What I’ve Been Working On:
Over the past few days, my focus has been on adding polish and variety to the project. Following up on last week’s work, I’ve now implemented a basic options menu. From here, players can control master volume, change their screen resolution, and adjust key graphical settings like texture and shadow quality. To improve the game’s presentation, I also designed and added a new logo and title, “Mega Dungeon,” to the main menu. Additionally, I’ve implemented “Easy,” “Medium,” and “Hard” difficulty settings, which directly control the size of the dungeon by setting the number of rooms to 20, 40, or 100, respectively.

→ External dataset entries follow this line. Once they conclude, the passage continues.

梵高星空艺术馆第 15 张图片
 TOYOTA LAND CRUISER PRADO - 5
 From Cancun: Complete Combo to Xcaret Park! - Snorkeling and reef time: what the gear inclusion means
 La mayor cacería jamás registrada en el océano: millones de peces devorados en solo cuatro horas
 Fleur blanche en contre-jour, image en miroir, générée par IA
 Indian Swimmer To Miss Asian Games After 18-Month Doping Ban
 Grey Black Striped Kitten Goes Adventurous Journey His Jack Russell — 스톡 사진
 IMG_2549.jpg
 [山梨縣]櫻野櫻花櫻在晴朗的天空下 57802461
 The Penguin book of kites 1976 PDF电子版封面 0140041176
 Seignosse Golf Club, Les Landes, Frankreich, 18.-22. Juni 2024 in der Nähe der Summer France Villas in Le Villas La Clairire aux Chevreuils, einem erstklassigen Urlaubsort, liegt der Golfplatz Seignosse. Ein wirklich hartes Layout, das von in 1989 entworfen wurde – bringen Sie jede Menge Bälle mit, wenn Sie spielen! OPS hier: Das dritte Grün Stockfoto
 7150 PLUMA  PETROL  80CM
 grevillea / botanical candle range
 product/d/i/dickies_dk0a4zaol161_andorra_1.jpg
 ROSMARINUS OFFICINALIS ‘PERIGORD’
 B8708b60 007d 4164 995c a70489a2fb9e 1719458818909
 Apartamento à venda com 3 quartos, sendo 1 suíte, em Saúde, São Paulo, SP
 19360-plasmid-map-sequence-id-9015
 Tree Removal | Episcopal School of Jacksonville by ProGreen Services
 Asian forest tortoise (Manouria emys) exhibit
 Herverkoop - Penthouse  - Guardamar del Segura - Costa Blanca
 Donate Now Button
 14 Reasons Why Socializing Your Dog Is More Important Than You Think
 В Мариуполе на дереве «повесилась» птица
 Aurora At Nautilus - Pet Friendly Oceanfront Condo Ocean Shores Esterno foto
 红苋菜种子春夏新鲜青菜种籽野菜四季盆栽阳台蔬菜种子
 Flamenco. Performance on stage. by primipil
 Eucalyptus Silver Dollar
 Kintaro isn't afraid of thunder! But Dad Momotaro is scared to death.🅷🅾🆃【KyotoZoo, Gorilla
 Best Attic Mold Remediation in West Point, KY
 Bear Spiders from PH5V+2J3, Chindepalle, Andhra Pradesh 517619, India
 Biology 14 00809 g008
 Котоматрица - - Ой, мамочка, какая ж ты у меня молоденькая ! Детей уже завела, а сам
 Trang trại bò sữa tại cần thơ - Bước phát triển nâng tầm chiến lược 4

The biggest update, however, is to the dungeon generation itself. I’ve introduced a new category of “special rooms” that have a much lower chance of appearing. The system is currently set to spawn one special room for every ten regular rooms, which helps break up the pacing and adds rare points of interest for the player to discover. This special list includes unique set pieces like the Cthulhu statue chamber, a new smaller monster statue room, staircases, and environmental storytelling rooms like one with a collapsed exit blocked by rubble.


Current Status:
The game now features a complete menu flow with a functional options menu and difficulty settings. The main menu has a polished title/logo. The dungeon generator is significantly more varied, using a weighted system to mix rare, unique rooms in with the standard layouts.
Next Steps:
With the options menu functional, my next technical task is to make those settings persistent, so the game remembers a player’s choices between sessions. After that, I plan to start adding unique gameplay interactions to the new special rooms to make their discovery even more meaningful for the player.